This case-control study of 100 cases and 100 controls in The First Affiliated Hospital of Xinjiang Medical University from January 2019 to December 2019,provides compelling evidence that vitamin D deficiency of PD patients is 17.13 times that in controls of similar ages with-out PD. Individuals with levels in the lowest quartile of 25(OH)D values had the highest prevalence of PD(p =0.026,OR=11.786,95%CI,1.342-103.51)compared with individuals with values in the highest quartile.To the best of our knowledge, this is the first study to investigate the relation between the deficiency of the 25(OH)D and PD in Xinjiang of China.
Several studies have reported an association of PD with lower plasma 25(OH)D concentrations[16-18]. Ding et al [4]study shows that there was vitamin D deficiency in 17.6% of cases (68/388) compared with 9.3% of controls (26/283; p =0.002).

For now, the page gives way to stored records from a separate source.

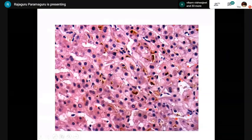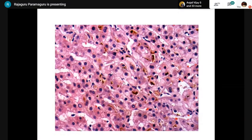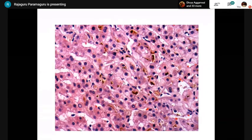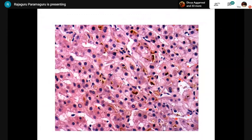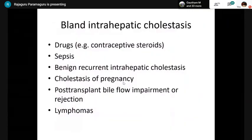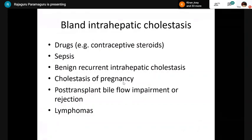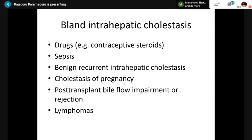Cholestasis: you can see canalicular as well as hepatocellular cholestasis here. In both images, there is obviously no inflammation at all — this demonstrates bland intrahepatic cholestasis. Conditions causing bland cholestasis include drugs such as contraceptive use, augmentin (amoxicillin-clavulanate), benign recurrent intrahepatic cholestasis, cholestasis of pregnancy, and post-transplant setting.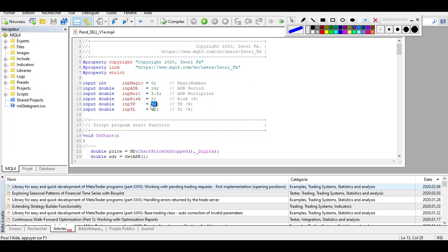You can also modify the stop loss input, which is 12, meaning 12% of the 3x ADR. Adjust this to the value needed for your specific strategy. After making your changes, click Save and it will save the new script. Restart your MetaTrader 4 and the changes will be effective after the restart.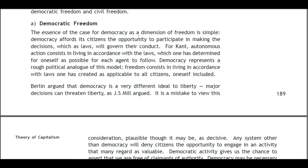In society, a measure of freedom can be recovered along three dimensions: moral freedom, democratic freedom, and civil freedom. A: Democratic Freedom. The essence of the case for democracy as a dimension of freedom is simple: democracy offers its citizens the opportunity to participate in making the decisions which, as laws, will govern their conduct. For autonomous action to consist in living in accordance with laws which one has determined for oneself, democracy represents a rough political analog of this model — freedom consists of living in accordance with laws one has created, applicable to all citizens, oneself included.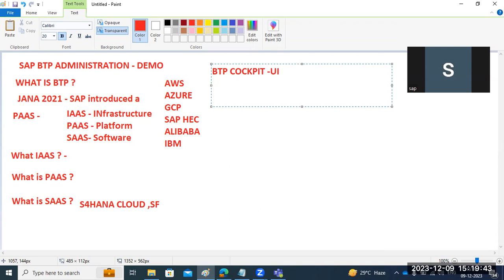New learners who don't have experience with SAP can also learn BTP. Those who already have experience can upskill to higher technologies like BTP cockpit and cloud-level technologies. BTP stands for Business Technology Platform.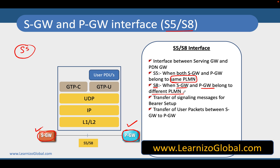S5 and S8 are not drastically different. The only difference is that because they belong to two different PLMNs in S8, there are going to be some additional security mechanisms compared to S5, because the operators or PLMNs don't trust each other, so they need additional mechanisms to manage security between two different PLMNs.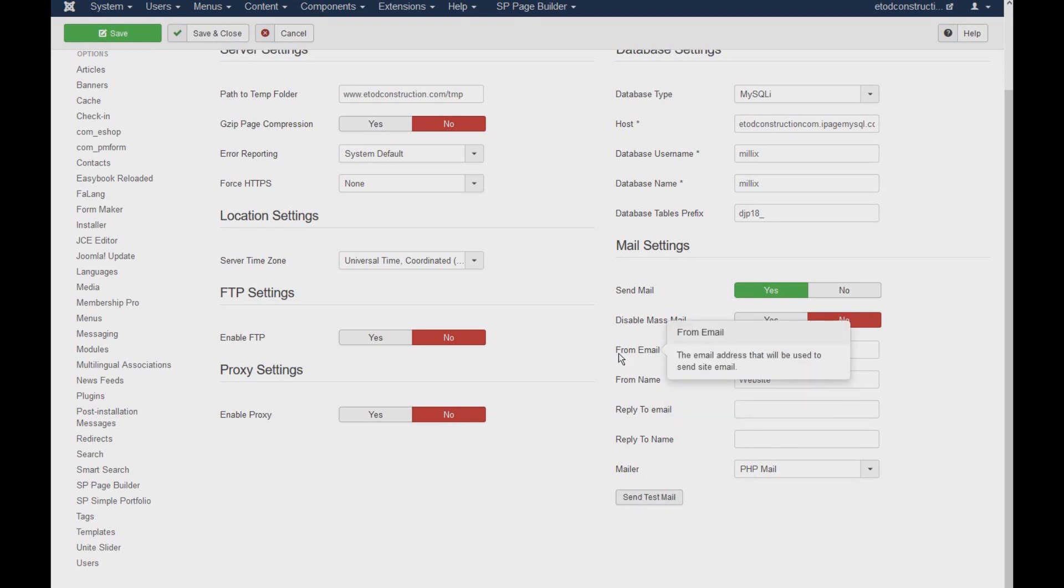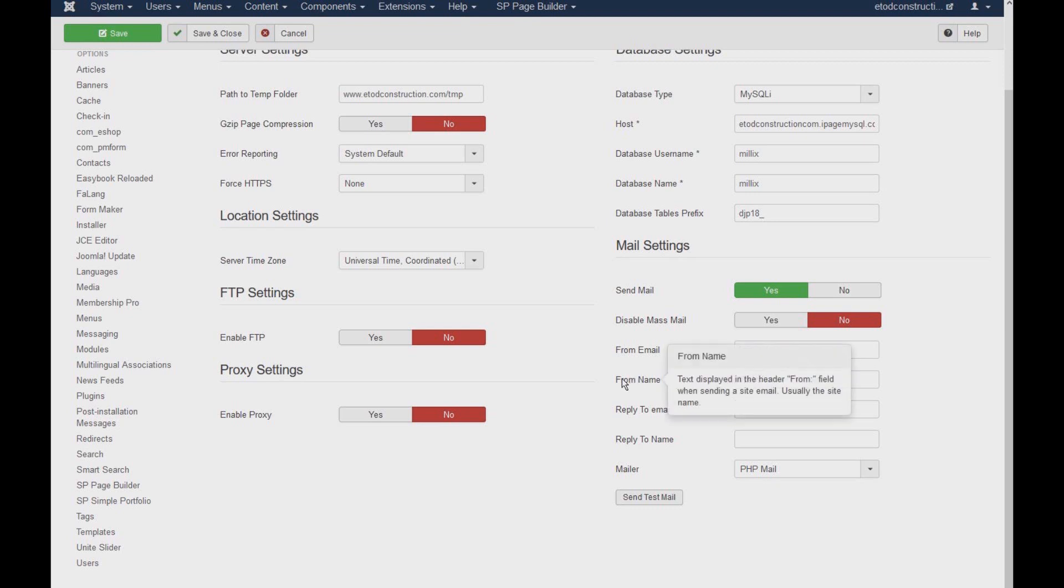So here, it says from email. This is actually the email that your users will see when an email goes to them from your website. And this is going to be the name of the email. Let's say I call it a subject.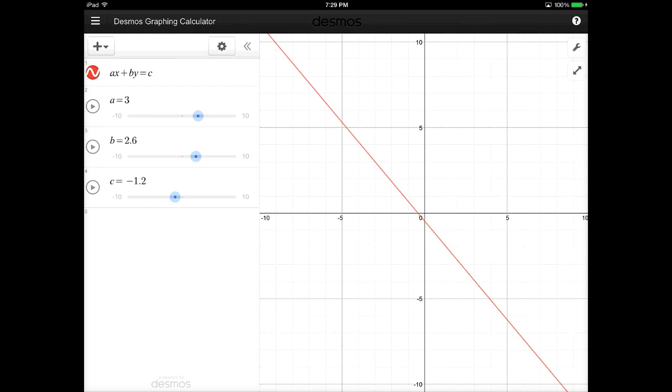So the app really takes the graphing calculator to the next level, and the fact that it's completely free is invaluable to many students.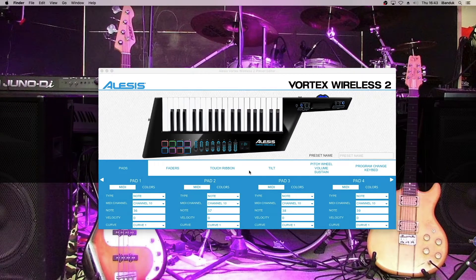First, we need to make some changes to the Vortex Wireless 2. Open up the Vortex Wireless 2 Preset Editor and connect the Vortex Wireless 2 to the computer using a USB cable. Now, retrieve a preset.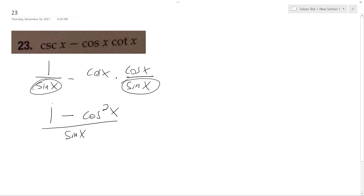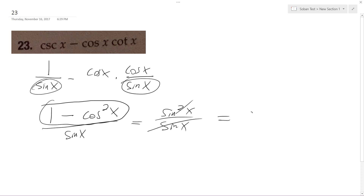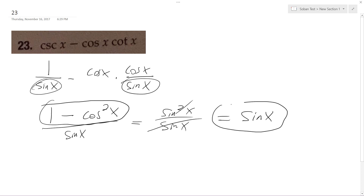This is a trig property: cosine squared plus sine squared equals 1, so this becomes sine squared x over sine x. The sine x cancels out, and we just get left with sine of x, and that's it.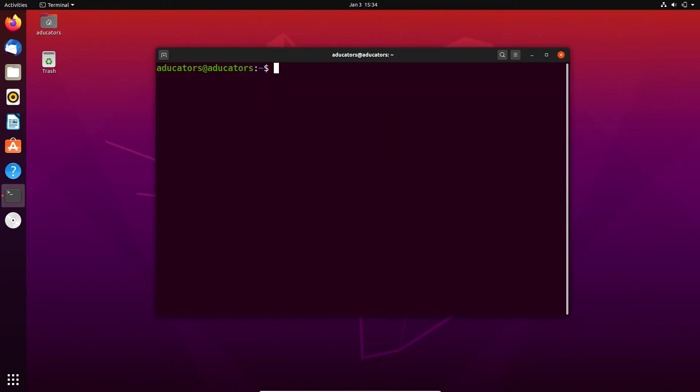Let's clear our screen. It is recommended to run apt update before installing any new software, so simply write sudo apt update and hit enter. Type your admin password.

After adjusting for for age, sex, race, and vitamin D supplementation,deficiency of total 25(OH)D remained enriched in PD with p =0.03. Wang et al [19]study shows that Vitamin D deficiency (total 25 (OH) D <20 ng / mL) was significantly correlated with PD (P <0.0001).The lowest quartile of 25(OH)D values had the highest prevalence of PD with an OR = 2.66, P <0.0001 (95 %% CI, 1.746-4.03) compared with individuals with values in the highest quartile.Our study also draws results consistent with the above studies,in our case-control study, cases are 11.786 times as likely as controls to be in the lowest quartile compared with the highest quartile.
Suzuki et al[20] conducted a randomized, double-blind, placebo-controlled vitamin D intervention trial,the results showed that vitamin D significantly inhibited the deterioration of the Hoehn-Yahr staging score of PD patients compared with placebo. [difference between groups: P = 0.005; mean±SD change within vitamin D3 group: +0.02 ±0.62 (P = 0.79); change within placebo group: +0.33±0.70 (P = 0.0006)]. It is suggested that vitamin D has a delaying effect on the severity of disease in PD patients, and does not cause adverse reactions such as hypercalcemia.

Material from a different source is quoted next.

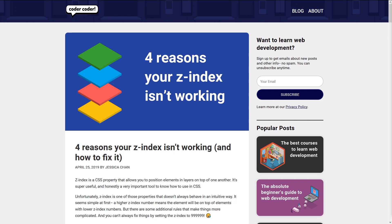If you've worked with z-index before, you know that this CSS property is a little, shall we say, quirky. In theory, z-index should be pretty simple — a higher number means it'll be more on top in the stacking order. But in reality, there are a few guidelines you have to follow in order for it all to work, and quite frankly, they're not very intuitive.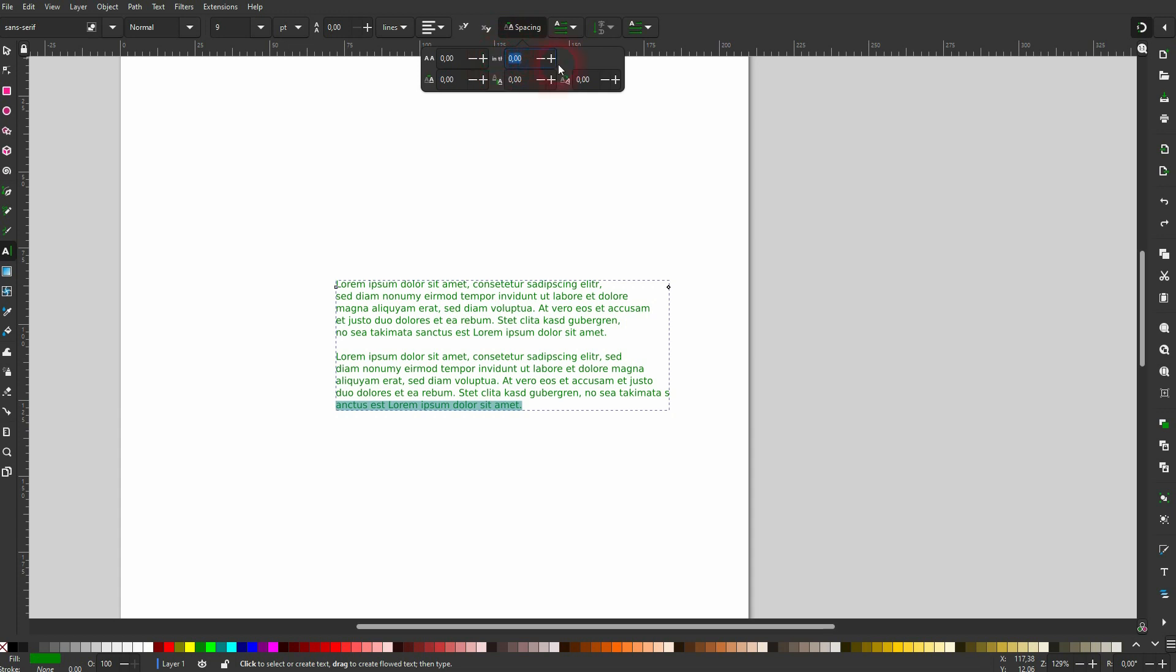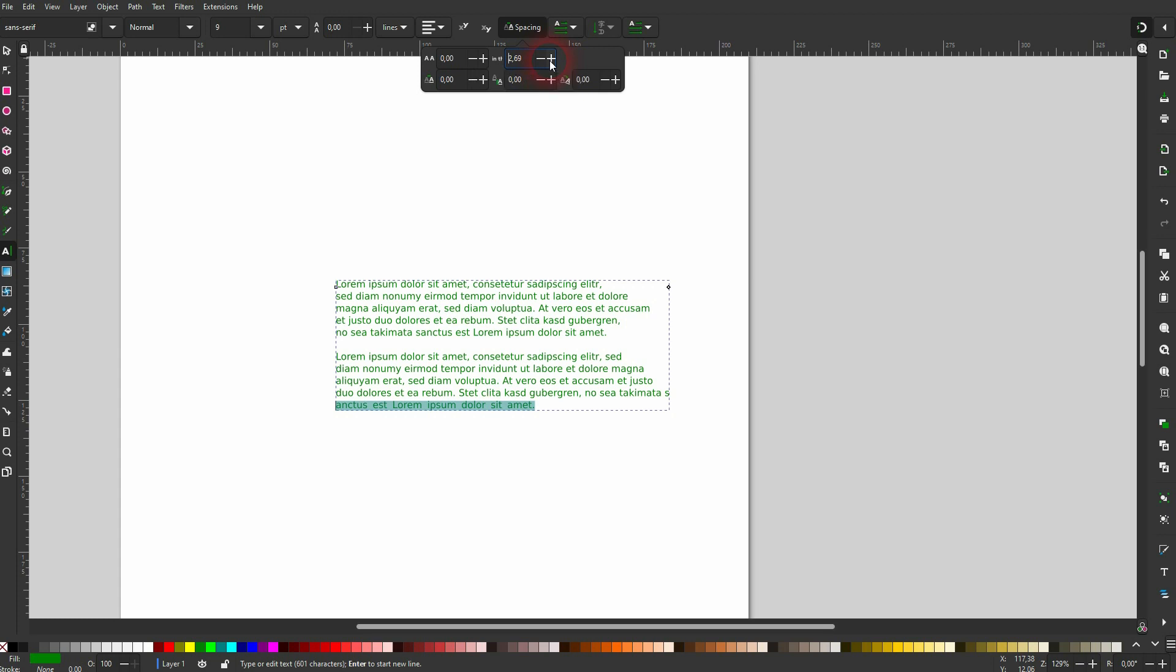This is for spacing between words. Let me just type something in here, maybe like 10, and you can see the difference in the last line. So it's going to spread the words out, and in this case 25 would be fine.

In our study, it was verified that there is a certain correlation between VD and H-Y classification.Especially for patients who does not yet exist with motor dysfunction (HY grade <3),There was a significant negative correlation between serum VD concentration and H-Y grade.Therefore, it can be inferred that VD can be used as an index to predict the severity of PD before PD sports injury.The lower the serum VD concentration in PD patients, the more likely to be exercise impairment.
Sleemana et al[21]study result showed that mean serum 25(OH)D concentrations were lower in PD than control participants at baseline (44.1±21.7 vs. 52.2±22.1 nmol/L, p<0.05) and 18 months (44.2±23.6 vs. 55.7±28.8 nmol/L, p<0.05). There was a small but significant association between vitamin D status at baseline and disease motor severity at 36 months.

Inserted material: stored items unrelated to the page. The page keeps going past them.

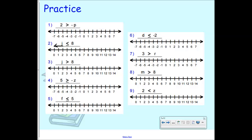At your boards, I would like you to graph all nine of these. Remember, it's an open circle if it's less than or greater than, and it is a closed circle if it has that underline — greater than or equal to or less than or equal to.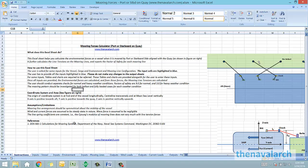Hello and welcome to this spreadsheet for mooring forces calculation developed by TheNavalArc.com. This spreadsheet is designed to calculate the mooring forces on the mooring lines for the case when the ship is moored to the quay.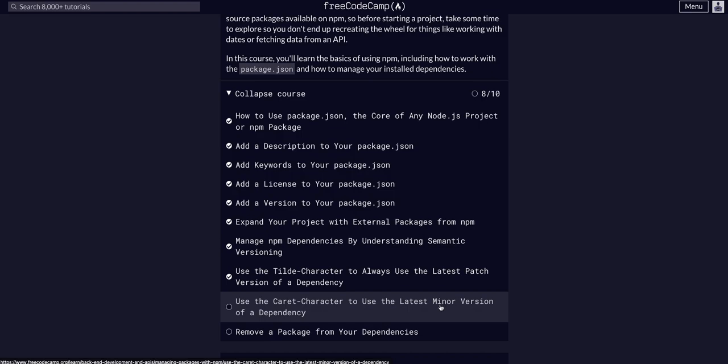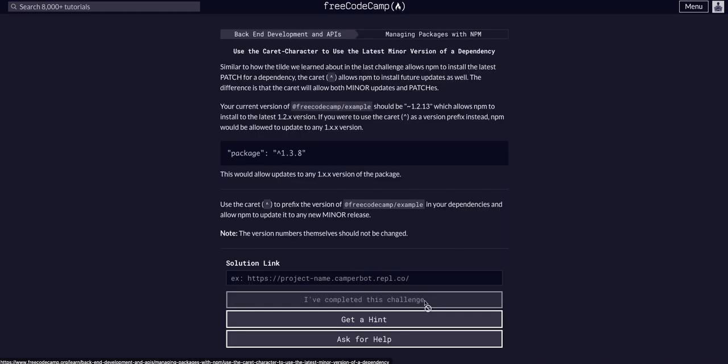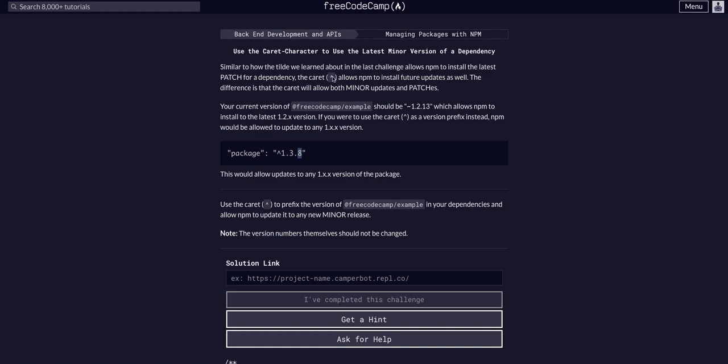In the previous two lessons we learned about the tilde and semantic versioning, and we know that the minor and the patch are always backwards compatible. So all this is basically telling us is that if we use the caret it will update the minor and the patch.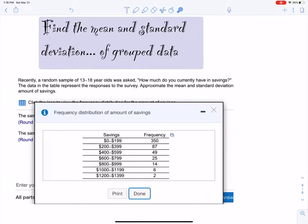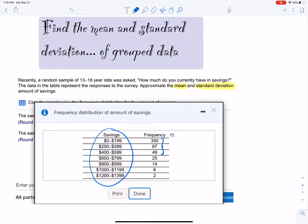We need to approximate the mean and standard deviation amount of savings. The amounts range between $0 and $1,400. Most people have between $0 and $199, so we would expect the mean to be somewhere down in that range — maybe around $250 or so. We wouldn't expect the mean to be in the thousands, because not a lot of people have $1,000 in savings.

Our study is consistent with previous study results, and there is a certain correlation between VD and disease course.Especially for patients with a long course of disease (course> 6 months), the course of disease is significantly negatively correlated with serum VD concentration. With the extension of the course of disease, the value of VD in the serum of PD patients will decrease accordingly.
A prospective study[22]showed that there are no support to the hypothesis that vitamin D may reduce the risk of PD.In other words, supplementing VD before the disease cannot reduce the incidence of PD. Meamar et al [10] study confirmed that supplementing VD during PD cannot delay the development of the disease.Previous reports indicate that there is a significant difference in the biochemical levels of bone metabolism between PD cases and the control group, this may be due to the impact of PD, not the direct role of PD pathogenesis.
Scherzer et al [23] study pointed out that vitamin D has been produced in rats to improve the toxicity induced by 6-hydroxydopamine.Our study also shows that there is a certain correlation between VD and H-Y classification, but the correlation is not significant (R 2 = 0.4). Studies have shown that there is a certain polymorphism of VDR in the central nervous system, and this polymorphism affects the impact of VD on its downstream response. However, it is not sufficient to explain the problem only by genetic polymorphism, so further research is needed to confirm it.
There are several limitations in our study.First,our study was conducted on patients and controls in the First Affiliated Hospital of Xinjiang Medical University, not the general Chinese population. The population and ethnic composition of this region and the differences in life are large. It is necessary to evaluate the population lacking vitamin D in other regions of China.Second,because of the relationship between detection methods, our study failed to detect the association between vitamin D from different sources and PD, only to show the correlation between serum VD concentration and PD disease progression, which needs further exploration in the next study.Three,our study is a case-control study and lacks longitudinal clinical evaluation, including multiple vitamin D measurements that fail to assess the relationship between vitamin D status (and its changes over time) and disease progression. In order to provide valuable information, the time window is essential for adequate exposure of vitamin D to prevent or delay the onset of PD. It is necessary to study the longitudinal cohort at different periods to provide valuable information.